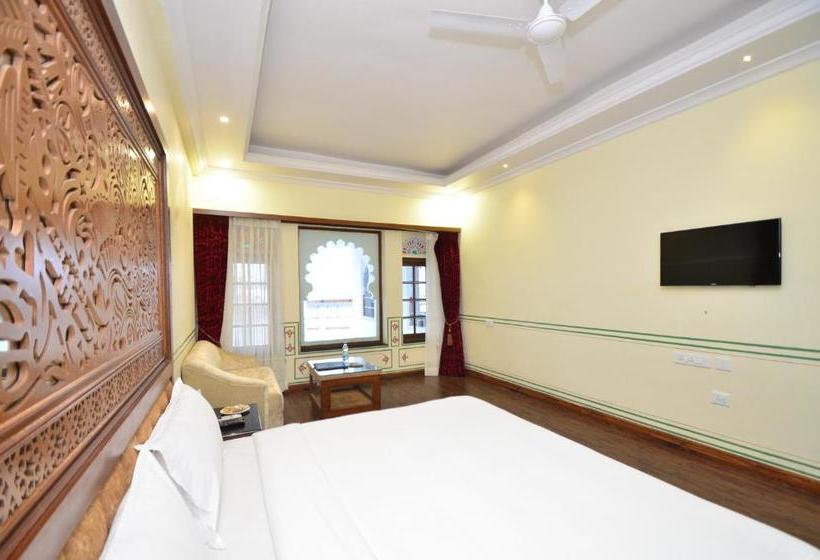 Hotel Aaram Mahal By Pachar Group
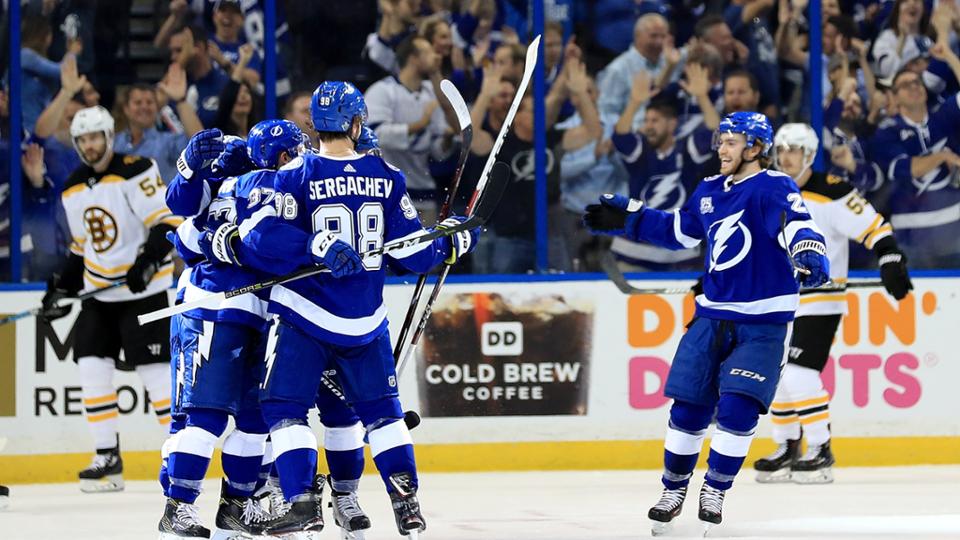Bolts vencem em casa e Vegas leva no OT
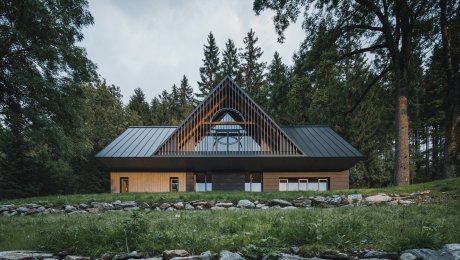 Moderná chalupa v stráni nahradila pôvodnú drevenicu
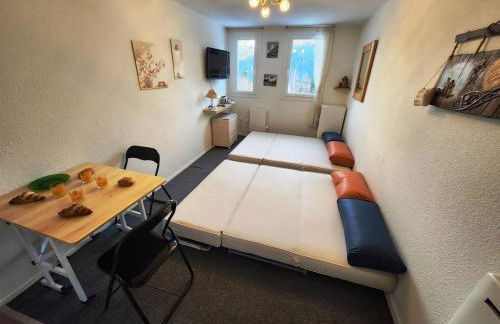 Studio pratique en RdC, au calme, avec vue - Foto 4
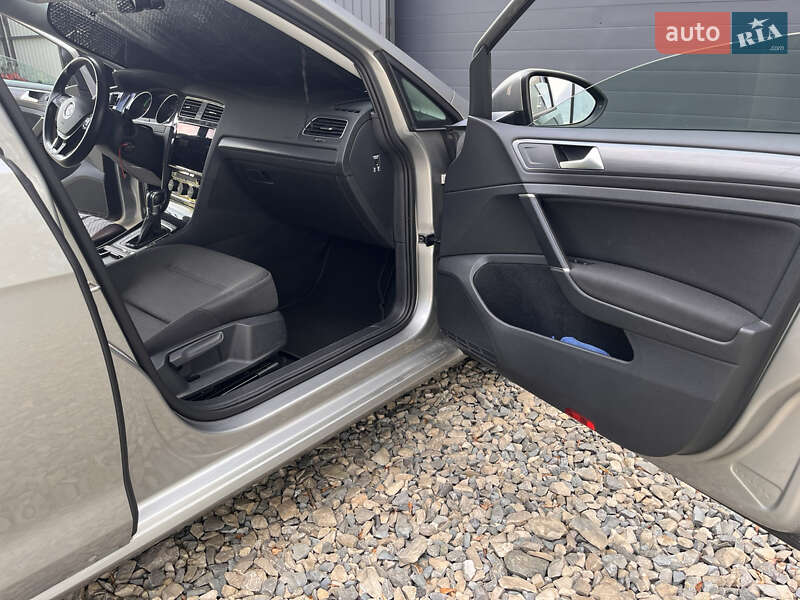 Хэтчбек Volkswagen e-Golf 2018 в Калуше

= = =

Exercise: Return a verbatim transcription of the data, omitting all images.

Solved exercise:
 Hotel Aaram Mahal By Pachar Group
Bolts vencem em casa e Vegas leva no OT
 Moderná chalupa v stráni nahradila pôvodnú drevenicu
 Studio pratique en RdC, au calme, avec vue - Foto 4
 Хэтчбек Volkswagen e-Golf 2018 в Калуше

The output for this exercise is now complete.